Our climate by its very nature is variable, over the course of days, weeks, seasons and beyond. Some of these embedded variations can occur over very long periods of time in specific regions and have an influence on the global climate.
The tropical and South Pacific Ocean regions are home to a number of long-term natural variations of this type. Two of the more influential variations in this region include:
- The El Niño Southern Oscillation – which produces La Niña and El Niño events that bring prolonged dryness or rain to many parts of the world – and
- The South Pacific Decadal Oscillation which, as its name suggests, produces a long-term influence arising from the Pacific Ocean that can affect the climate across the world for years to decades at a time.
Because of their importance, researchers use complex computationally demanding climate models to understand these two variations and help forecast future changes.
CLEX researchers and colleagues explored whether a simpler, less demanding model could achieve results that were similar enough to these more complex models to achieve useful results.
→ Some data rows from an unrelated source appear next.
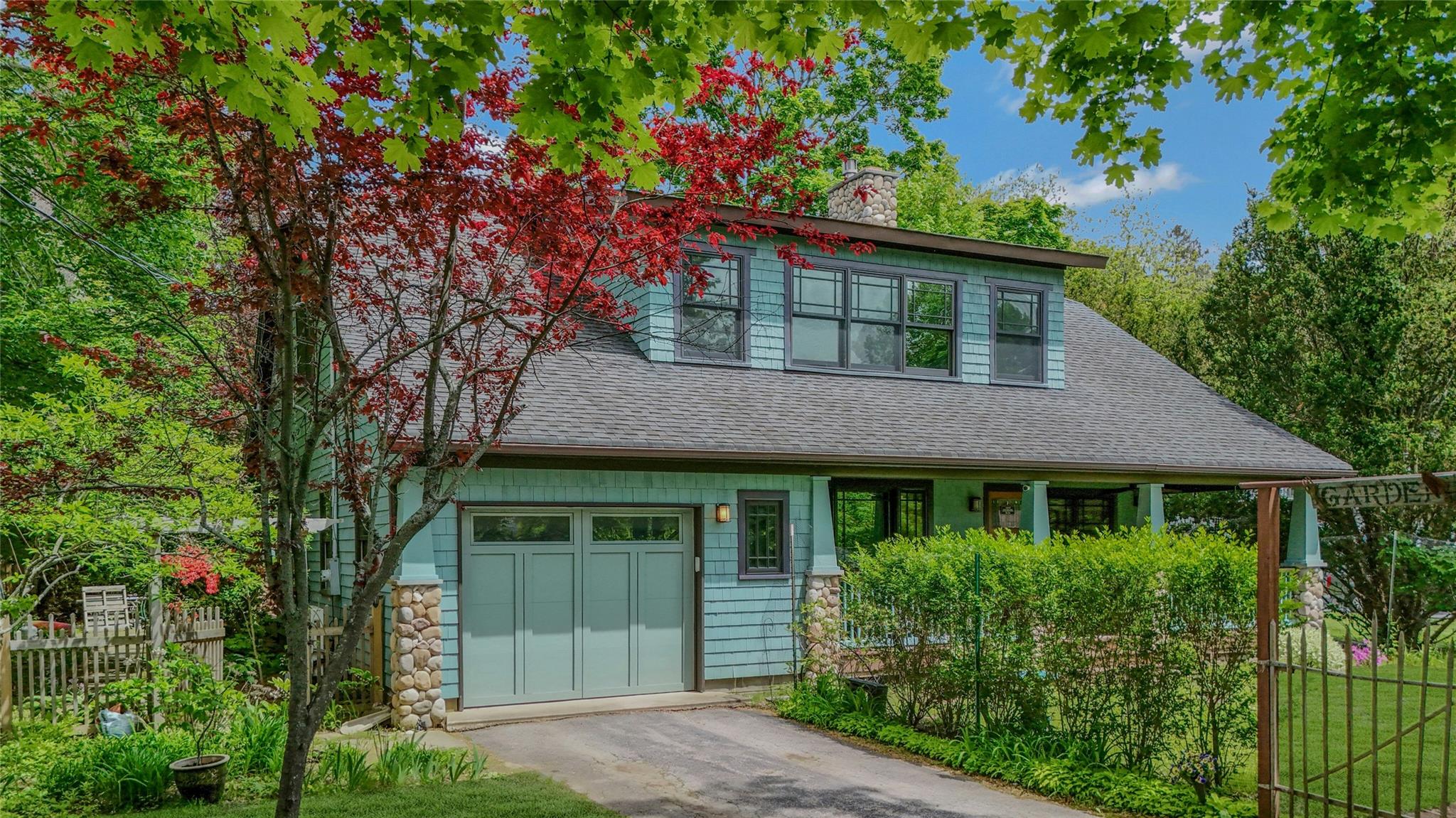 Maple Lane, Southold, Hamptons, NY - 3 Bedrooms  
3 Bathrooms - 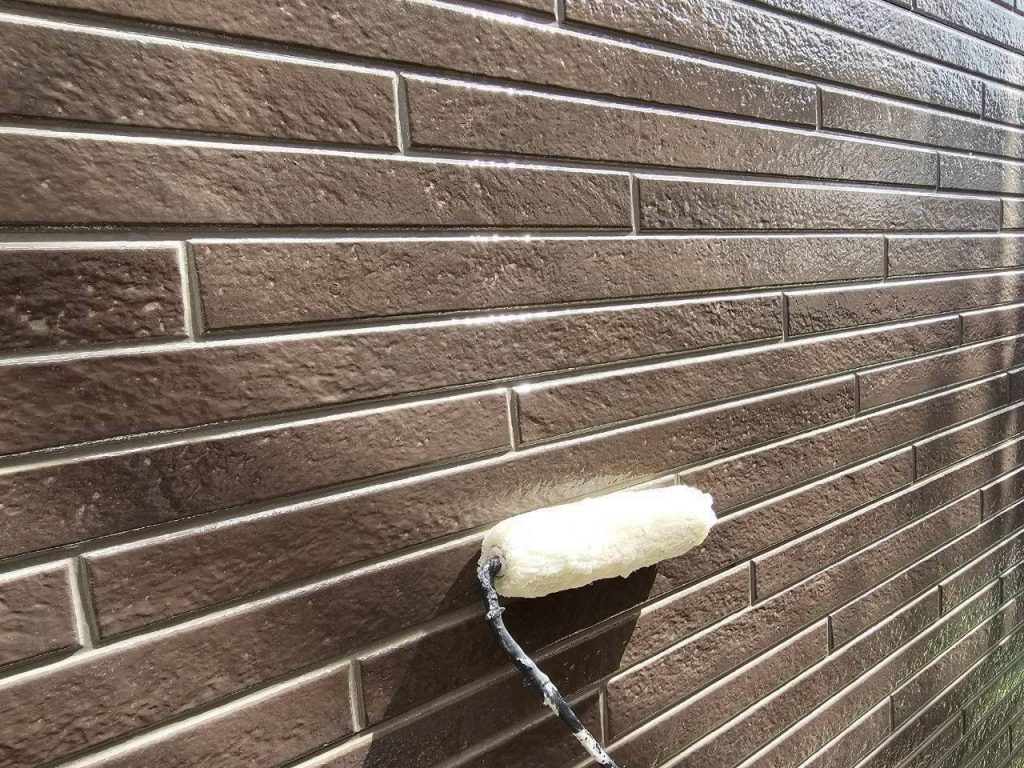 外壁の上塗り作業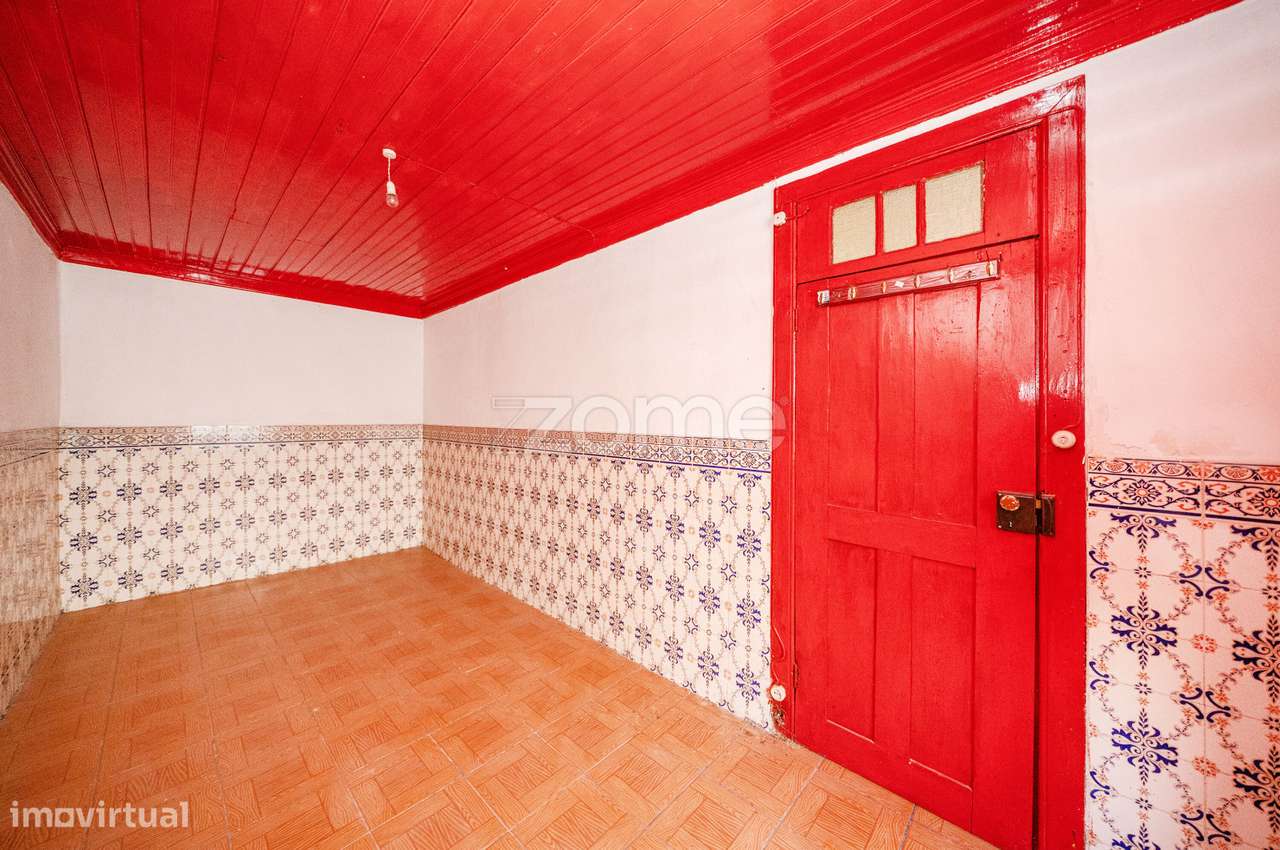 Moradia de 4 Pisos para restaurar ou transformar em apartamentos. - Grande imagem: 3/42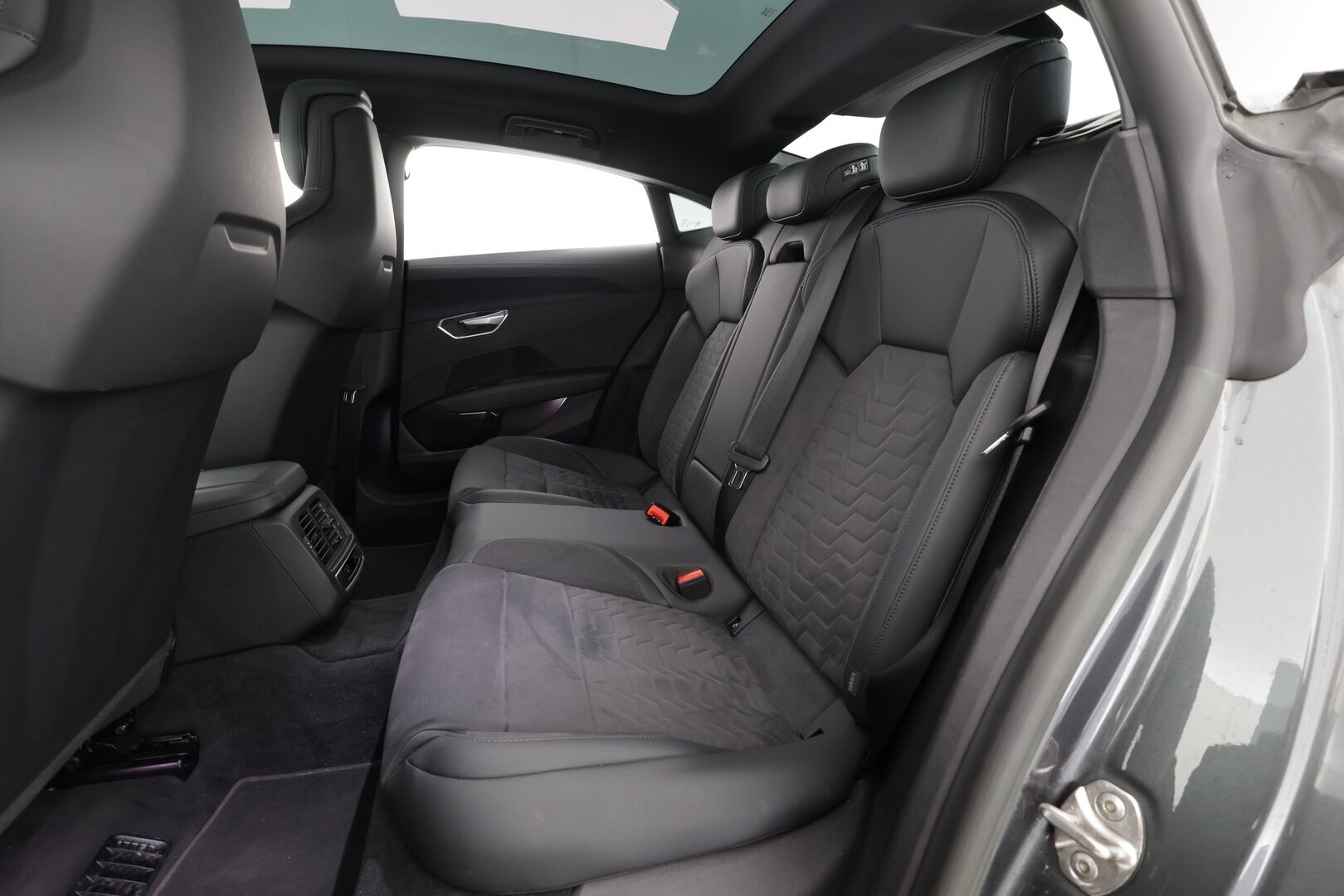 Audi e-tron GT 2023 60 quattro * ACC / B&O / Ilma-alusta / P.kamera / Matrix LED / ILP / Lasikatto / Keyless / Sähköpenkit * - 1.Om Suomi-auto / Akku kuntotarkastettu / Merkkihuollettu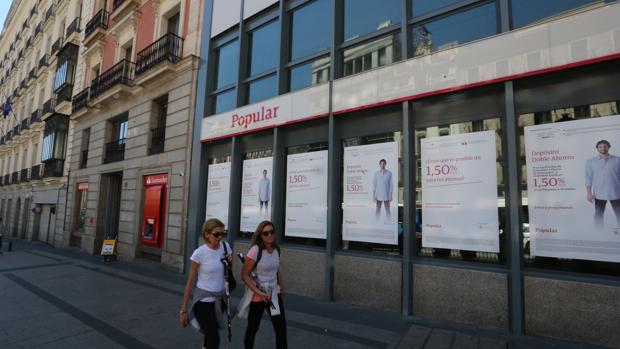 Adicae creará una plataforma para los afectados por la resolución de Popular, que Europa no quiere ayudar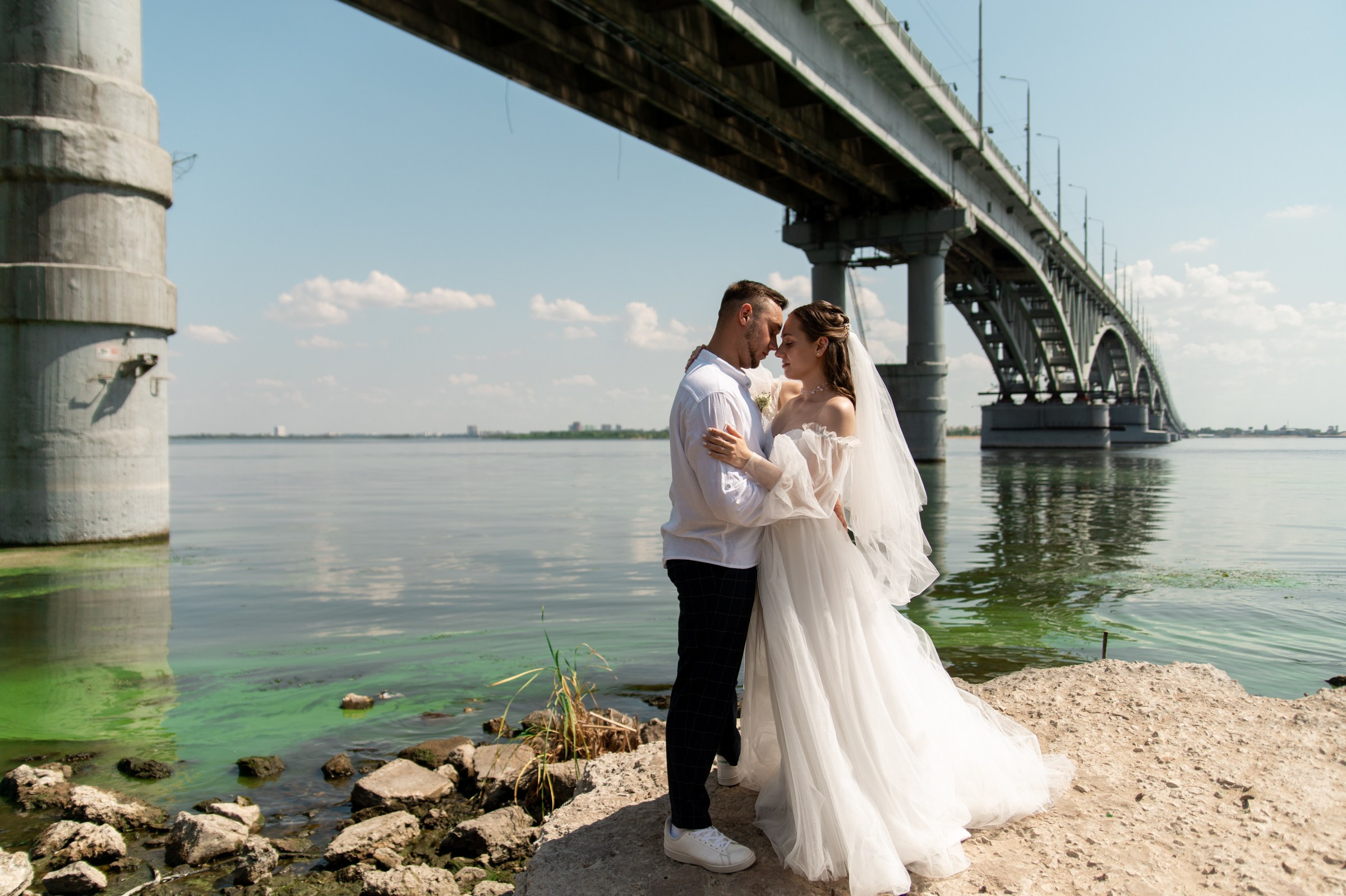 Меня зовут Александр Литвинчук и я свадебный фотограф в Саратове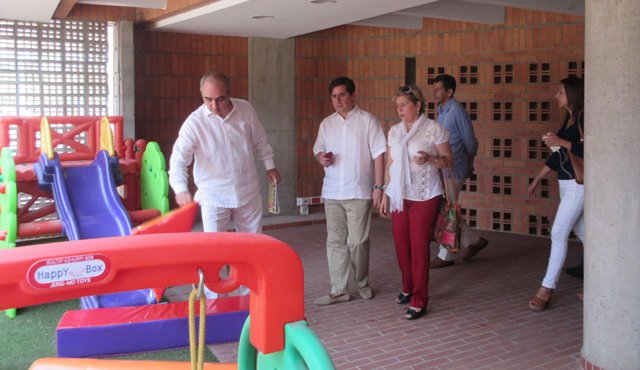 El alcalde Donamaris Ramírez, el ministro del Interior, Juan Fernando Cristo y la directora de la Unidad de Víctimas, María Eugenia Chávez, visitaron ayer la obra. Orlando Carvajal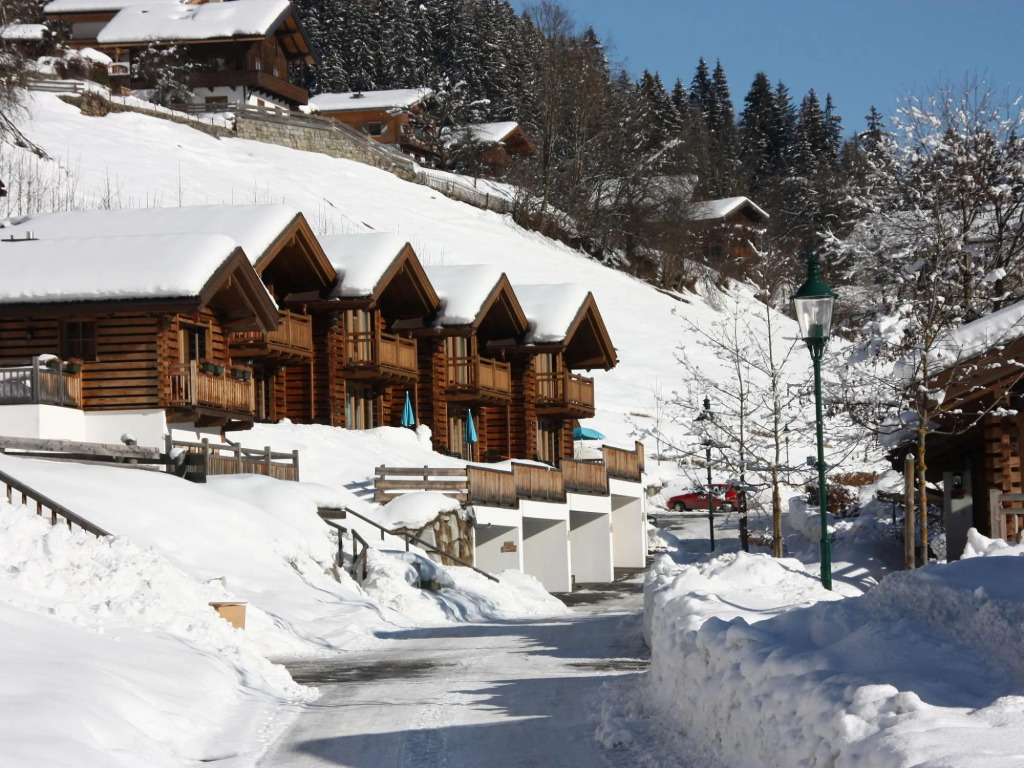 Chalet in Wald im Pinzgau Near Ski Lift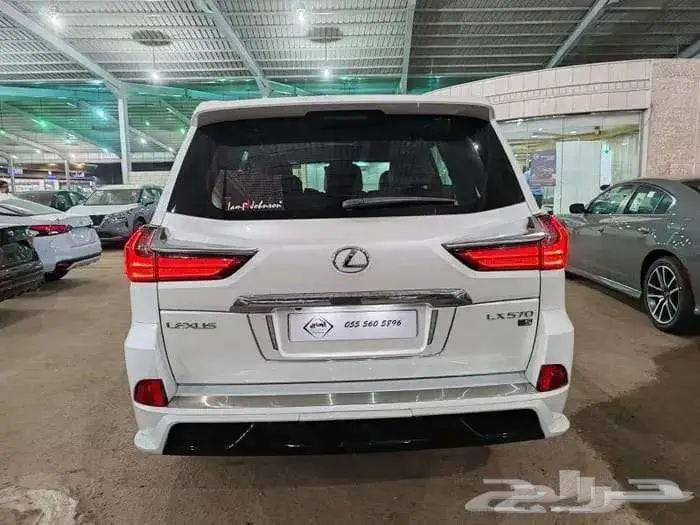 جيب لكزس 2019 5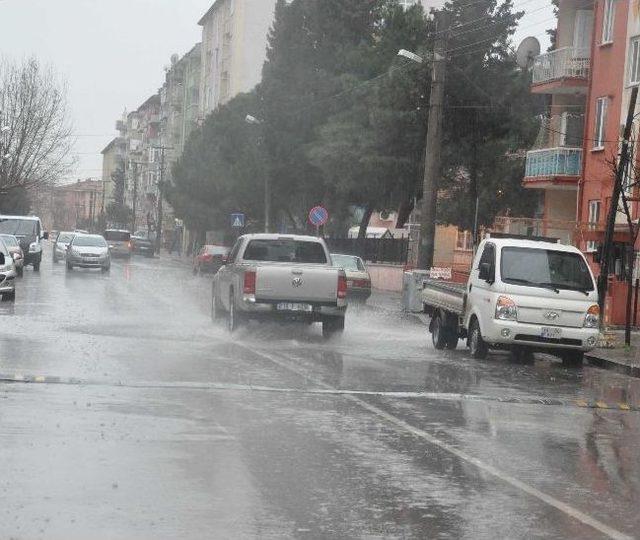 Balıkesir'de Sağanak Yağmur Etkili Oldu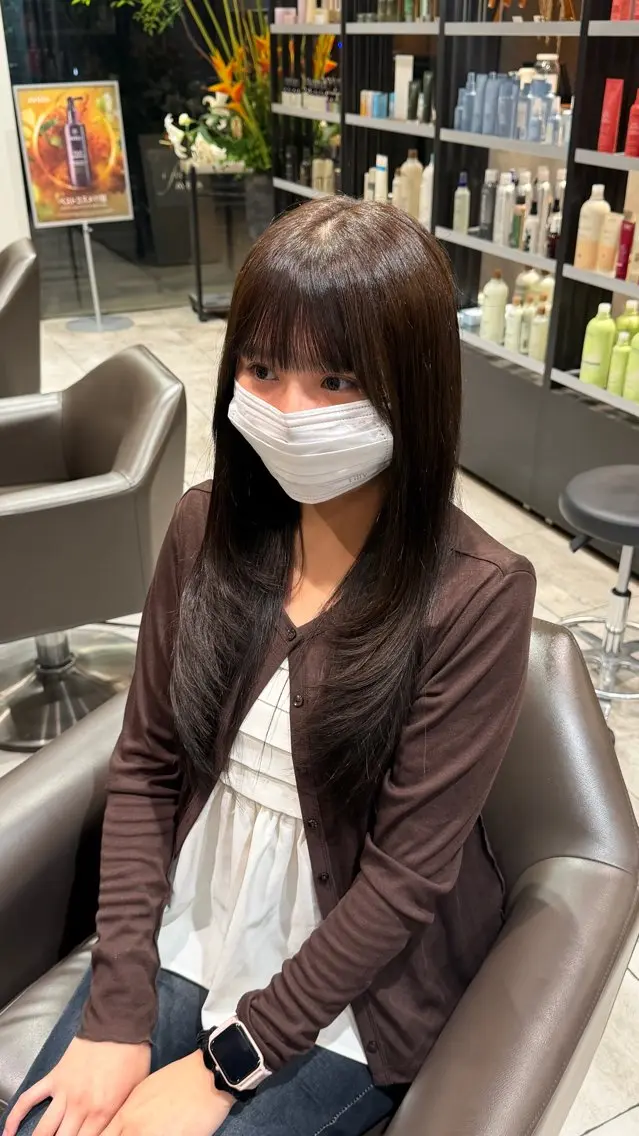 ロング レイヤーカット 篠田 奈々のヘアスタイル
To do this, they used a simple model – called a simple linear inverse model – and included the processes and variations found in the upper part of the Pacific Ocean.
They found that the inclusion of upper South Pacific Ocean variability significantly improved the predictions of those modes in simple models. This suggests processes just below the surface of the South Pacific Ocean maintain and enhance these big and low-frequency variations in a way that potentially makes them predictable over longer timescales.
This has implications for our capacity to forecast these events further ahead than we currently can, while using computer models that demand less time and computational expense.
- Paper: Lou J, TJ O’Kane and NJ Holbrook, 2020: A linear inverse model of Tropical and South Pacific seasonal predictability. Journal of Climate, 33, 4537-4554, doi:10.1175/JCLI-D-19-0548.1.